そうですね。「お母さん今日落ち込んでるよ〜」とか結構普通に口に出しちゃいます。で、娘から「まあそういう日もあるよね」と言ってもらって、気持ちが軽くなるみたいな(笑)。

――そうなんですね。こういう親でありたい、という理想の親像みたいなものはありますか。

自然体がいいな、とは思っています。親も人間ですから、落ち込んでいるところは見せてもいいのかなって。ただ、ネガティブになるときはあっても、最終的には必ずポジティブな方向に持っていくようにしているかも。「こんなお母さんも笑っちゃうでしょ」って、娘と一緒に笑い飛ばしていけるようには気をつけていますね。

 

――そういう意味では、原作者の岸田奈美さんの困難な状況も笑いに変えていくスタンスはどこか通じる部分が。

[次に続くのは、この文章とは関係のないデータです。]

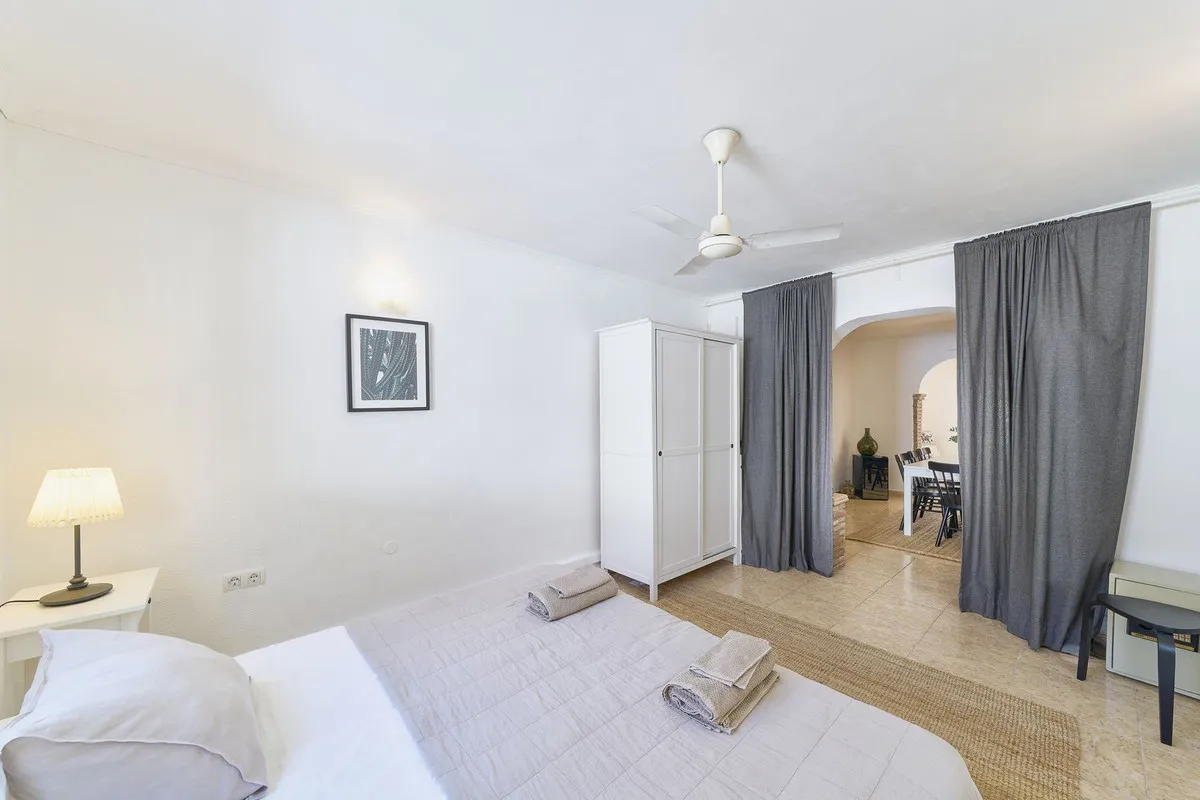 d65cba7a-ad28-41bc-a8bc-6cfddfdac536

ありますし、とても共感できます。「一日一善」ならぬ「一日一笑」を座右の銘にしていた時期があって。何でも笑いに変えたら、ちょっと嫌なことがあっても怒らずにすむんですよね。

――自分がわりとネガティブなんで、その思考の癖づけができているのが羨ましいです。

そこはもうなんでも良いようにとるのがいちばんです(笑)。「笑う門には福来る」って本当にその通りだと思うんですよね。たとえば、クタクタになりながら乗ったタクシーの運転手さんがすごいいい人だと、ちょっと元気になれるじゃないですか。そんな感じで、自分が笑顔でいることによって、今日はすごく嫌な一日だったなと思っている誰かが、ほんのちょっと元気になれるかもしれない。そういう幸せのバトンをつなげていきたいという気持ちはありますね。なんかこの話、すごいいい人っぽくてちょっとアレですけど(笑)。

――あはは。でも、すごくいい考え方だなと思います。

この年になってくると、世の中がもっと良くなったらいいなと純粋に思うんですよね。だから、イライラしてる人が多いなと感じるときほど、まずは自分からちょっと優しくなれたらという気持ちで人と接します。おかげで痛い目に遭うときもありますけどね。よかれと思って声かけたら、この人、すっごい怖かった〜みたいな(笑)。